- PROMPT -
Using the data beneath this instruction, retype only the lines from the one that contains "Wedding couple embracing" down to the one that contains "Asciugamani Premium SOLUND", both included, exactly as they appear.

- EXERCISE INPUTS -
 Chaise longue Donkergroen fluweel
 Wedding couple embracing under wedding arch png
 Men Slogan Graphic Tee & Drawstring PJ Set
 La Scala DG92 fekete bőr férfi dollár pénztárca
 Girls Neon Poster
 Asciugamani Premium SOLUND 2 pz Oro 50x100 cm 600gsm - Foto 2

--

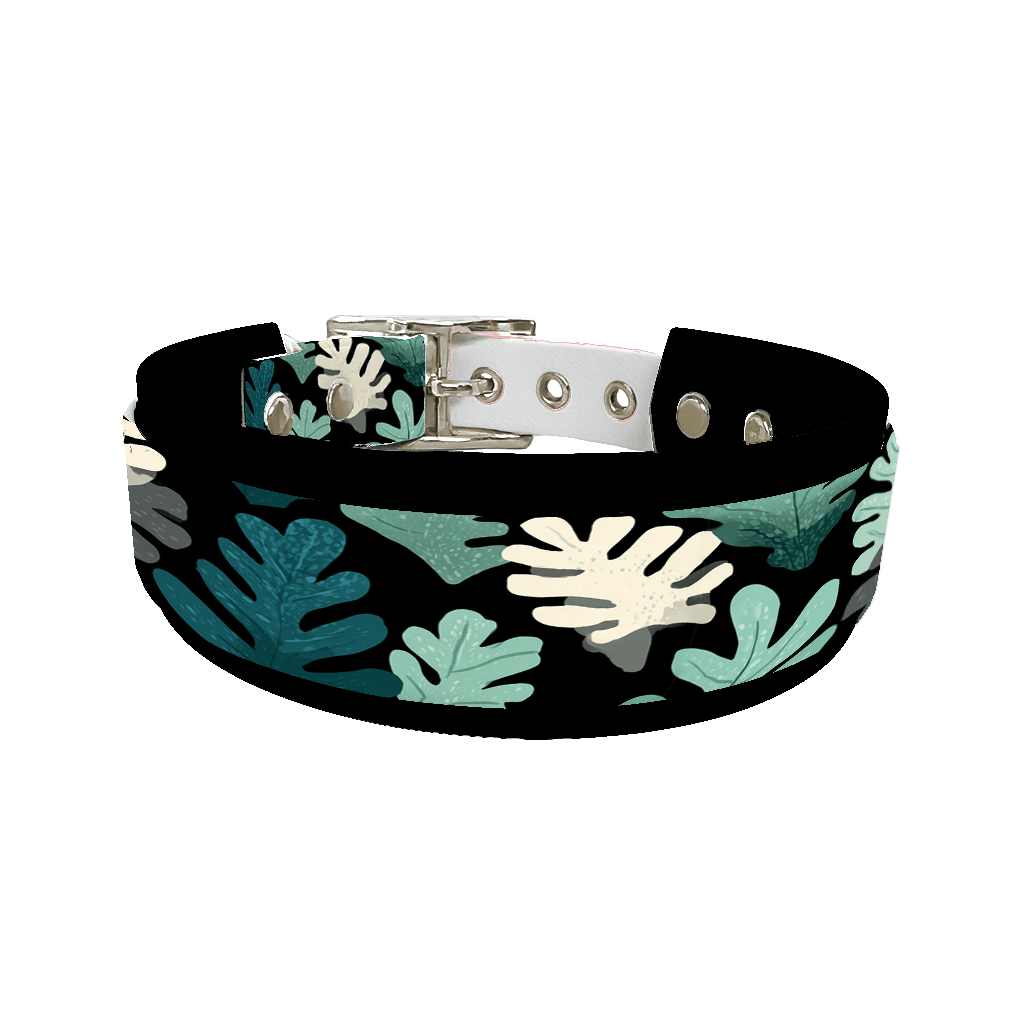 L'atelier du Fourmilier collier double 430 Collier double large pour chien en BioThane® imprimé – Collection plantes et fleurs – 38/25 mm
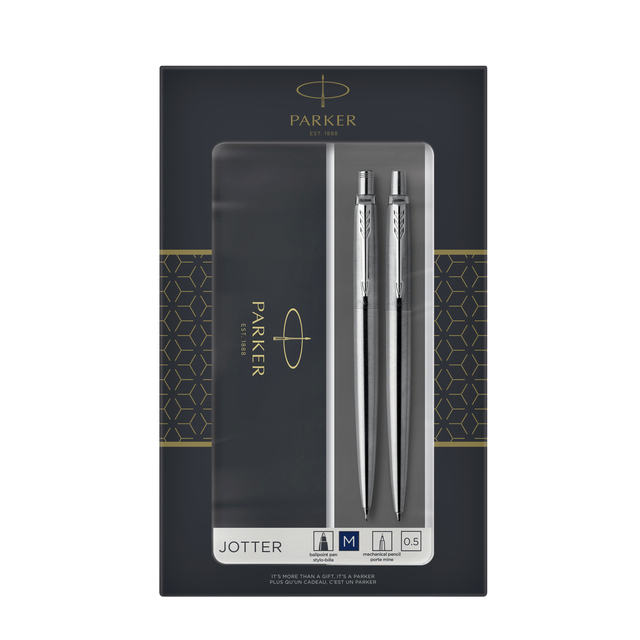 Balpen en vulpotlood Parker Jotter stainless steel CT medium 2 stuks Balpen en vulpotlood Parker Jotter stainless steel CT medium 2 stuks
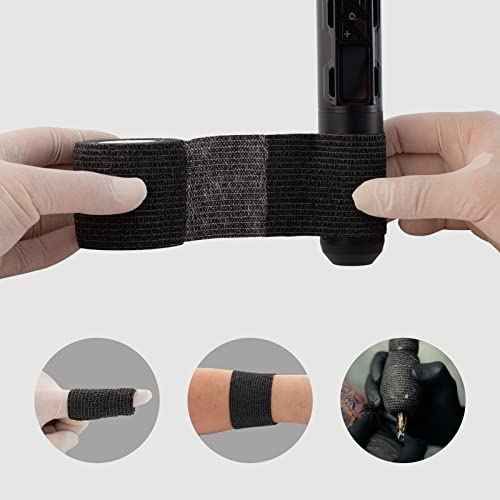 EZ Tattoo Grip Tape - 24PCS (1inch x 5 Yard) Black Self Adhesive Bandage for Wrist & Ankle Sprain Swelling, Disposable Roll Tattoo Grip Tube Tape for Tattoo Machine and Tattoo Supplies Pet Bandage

...

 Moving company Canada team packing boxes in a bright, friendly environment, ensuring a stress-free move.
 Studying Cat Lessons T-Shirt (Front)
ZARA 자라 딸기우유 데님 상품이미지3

- RESPONSE BOX -
 Wedding couple embracing under wedding arch png
 Men Slogan Graphic Tee & Drawstring PJ Set
 La Scala DG92 fekete bőr férfi dollár pénztárca
 Girls Neon Poster
 Asciugamani Premium SOLUND 2 pz Oro 50x100 cm 600gsm - Foto 2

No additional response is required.